N’Dour, then aged 52, maintained he was forced into politics by circumstances: the reigning president Abdoulaye Wade had attempted to change the constitution to allow himself a third term.
Whereas the masses heralded him as a new beacon of hope for Senegal, political analysts pointed out that his main challenge was to translate his international popularity into votes. Indeed he never lasted that long.
His candidacy was disqualified before polls on a technicality. N’Dour then backed eventual poll winner, Macky Sall who when elected president, appointed him (N’Dour) first minister for culture and tourism.
The singer lost interest shortly after taking the ministerial post. He is back on world music tours. Closer to home, Charles Senkubuge “siasa”, a colourful stage actor and radio presenter stood for presidency in 2001 much to the surprise of many. Before they could hit the campaign trail, he quit the race citing death threats and refunded the Electoral Commission’s money.
It later emerged that the stance was just one of his clowning antics to attract fans to theatre where he enjoyed cultic status. Whereas music and theatre is a great recruiting tool used by all sides of the political spectrum to transmit ideology, it appears those behind these forms of persuasive arts aren’t really keen on benefiting through political office. They look to milk from their talent monetarily.
There are some exceptions. A few musicians have made it to the very top of national politics.

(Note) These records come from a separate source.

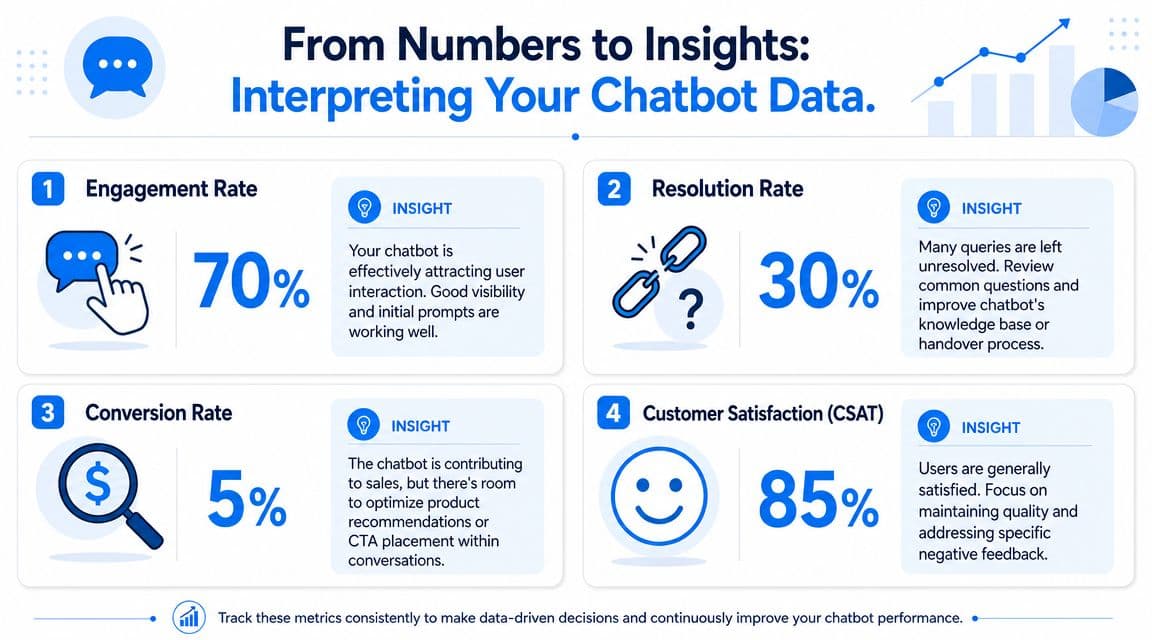 An infographic titled From Numbers to Insights showcasing key chatbot performance metrics with analysis for each.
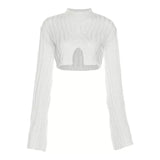 Amanda Irregular Cropped Wide-sleeve Sweater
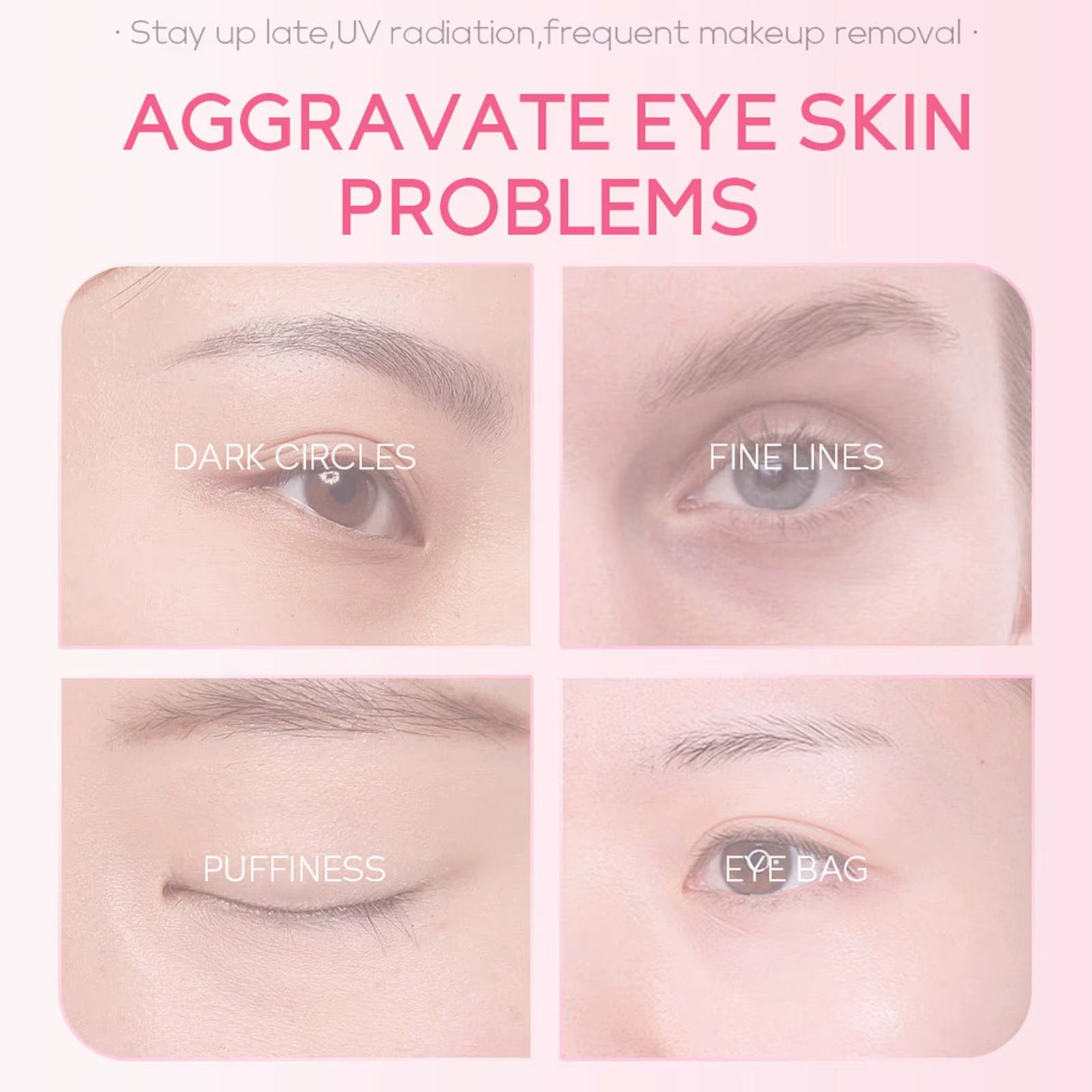 1/3/5Pcs Sakura Eye Essence Cream Eye with Massage Ball Firming Anti-Dark Circles Anti-Puffiness Bags Anti-Aging under Eye Serum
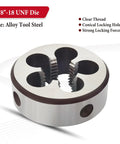 5/8x18 UNF Round Threading Die For Right Hand Threads, Shop Grade Heavy Duty Alloy Tool Steel With 2A Accuracy, front view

Ronald Reagan, a Hollywood actor, is a stand-out as President of the United States and conqueror of Soviet Communism, as is Vaclav Havel, the Czech playwright who was similarly a key figure in causing the collapse of the Eastern Bloc 20 years ago. Did you know that former U.S. Secretary of State Condoleezza Rice is a great pianist who performed as a teenager at the Denver Symphony Orchestra?